> **Brief**:
Extract only the first line of the listing and every line after it up to and including the one with "Coppa Italia Women, il". Omit the pictures.

> **Information supplied**:
++++++++++++++++++++

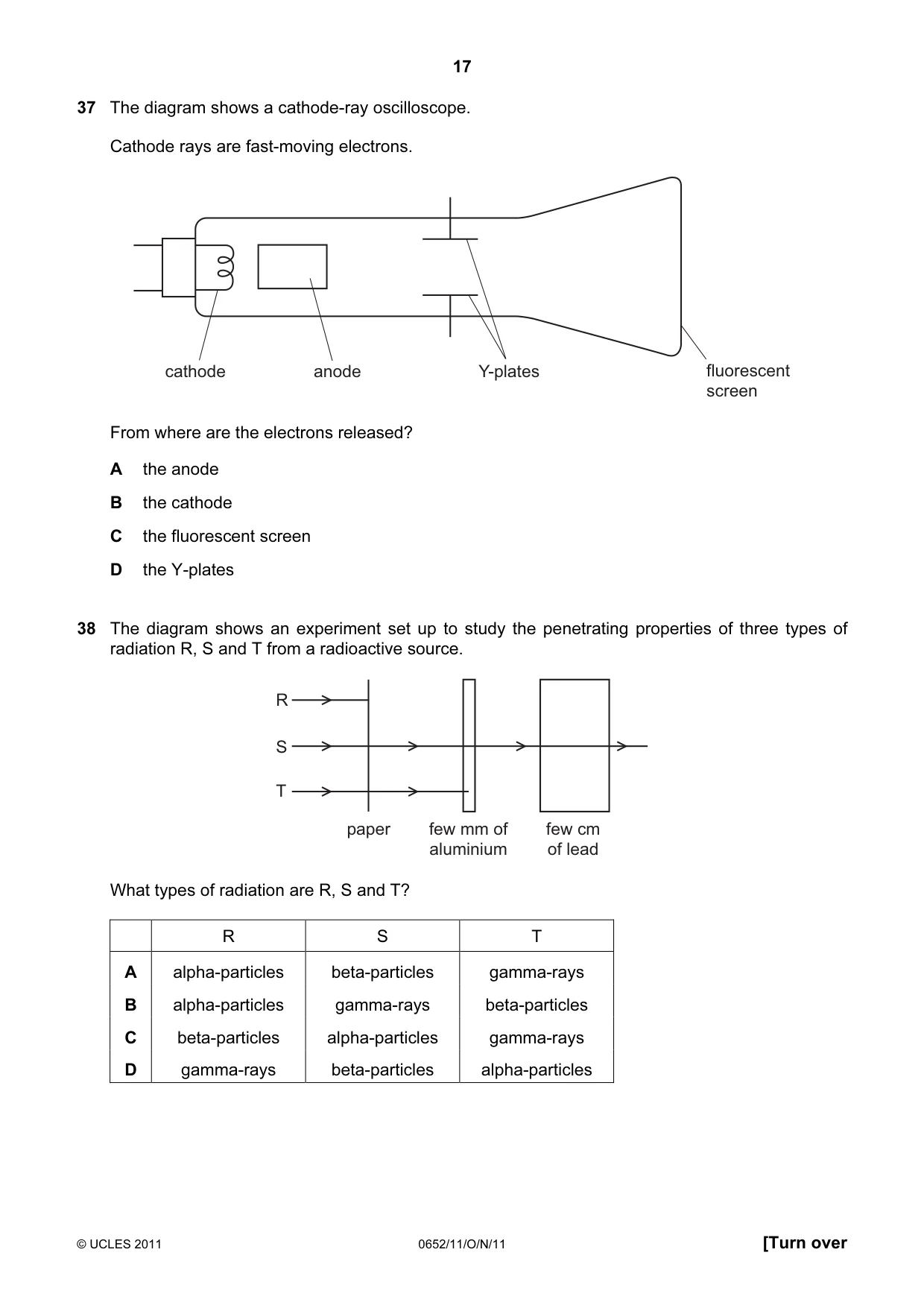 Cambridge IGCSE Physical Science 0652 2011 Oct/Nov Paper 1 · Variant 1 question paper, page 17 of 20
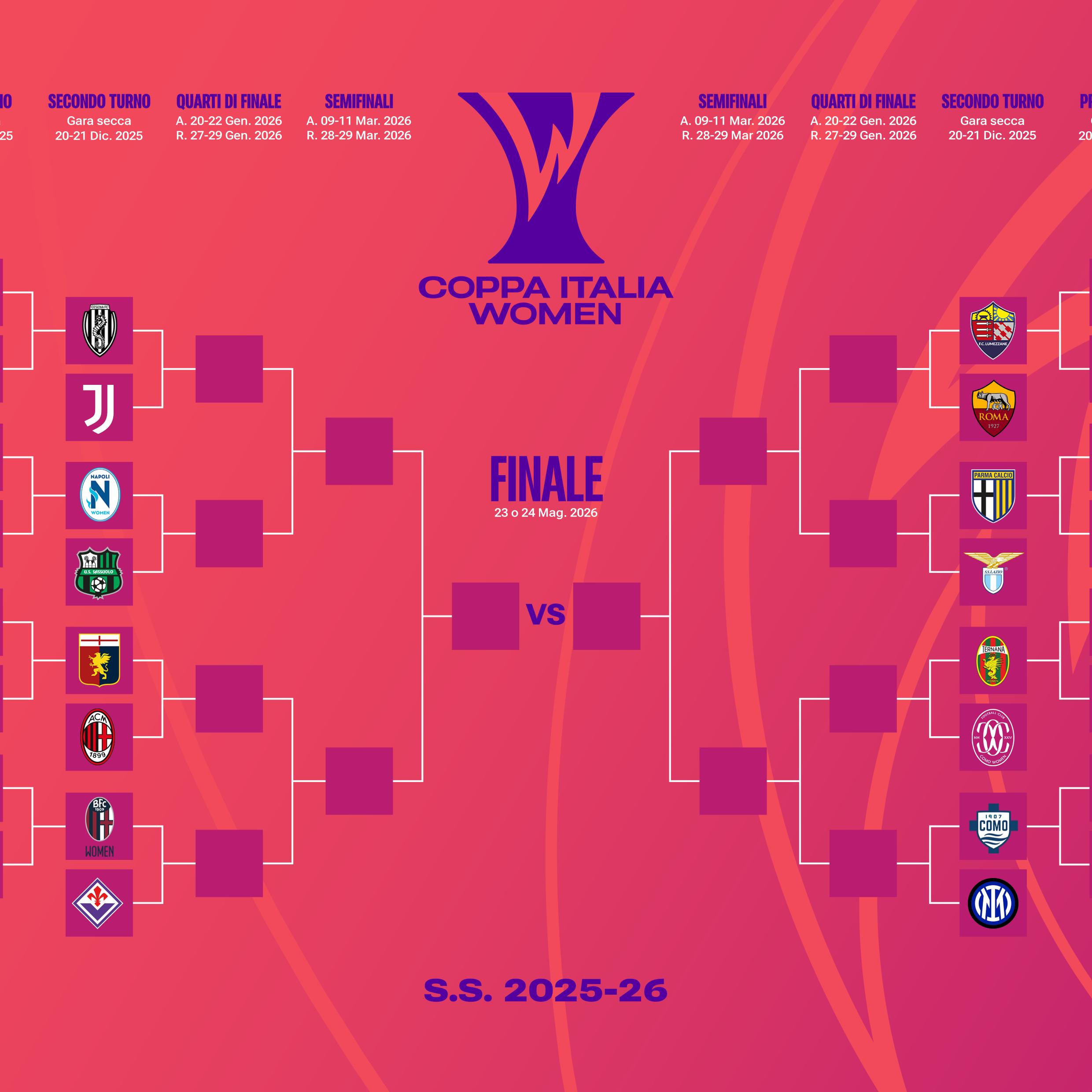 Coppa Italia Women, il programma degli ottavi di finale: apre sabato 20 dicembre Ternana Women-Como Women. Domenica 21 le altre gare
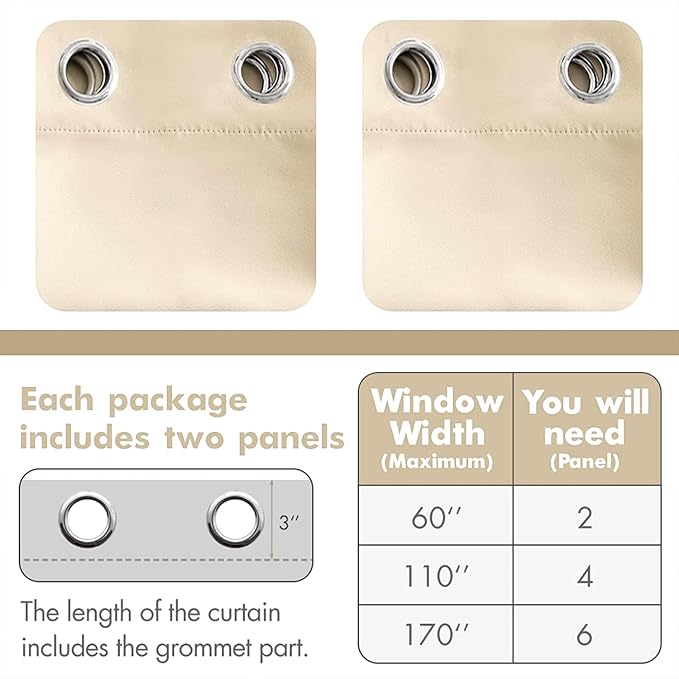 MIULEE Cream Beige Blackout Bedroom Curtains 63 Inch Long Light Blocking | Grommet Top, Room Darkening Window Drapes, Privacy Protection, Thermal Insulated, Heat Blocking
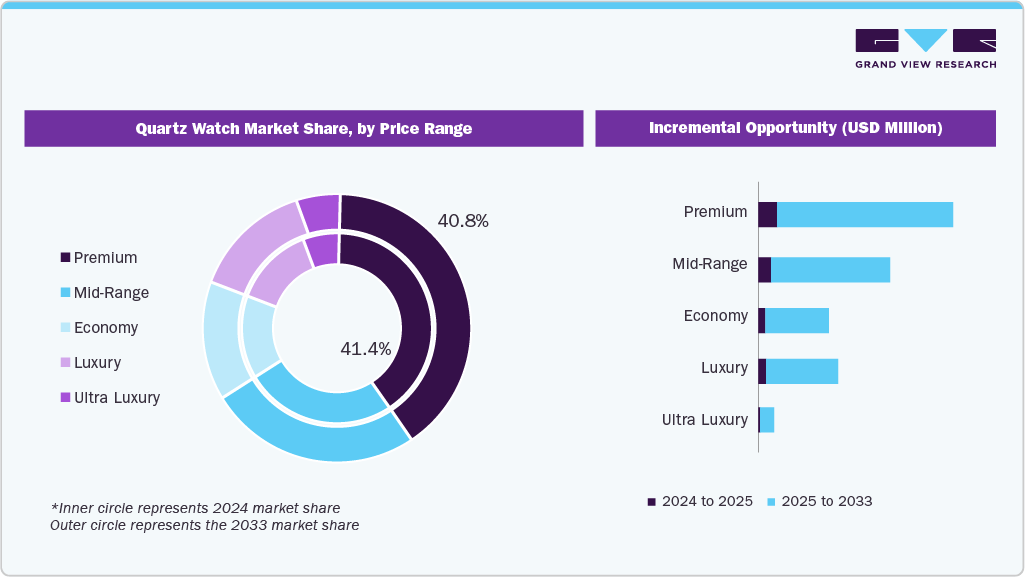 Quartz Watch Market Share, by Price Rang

++++++++++++++++++++

> **Solution to the exercise**:
 Cambridge IGCSE Physical Science 0652 2011 Oct/Nov Paper 1 · Variant 1 question paper, page 17 of 20
 Coppa Italia Women, il programma degli ottavi di finale: apre sabato 20 dicembre Ternana Women-Como Women. Domenica 21 le altre gare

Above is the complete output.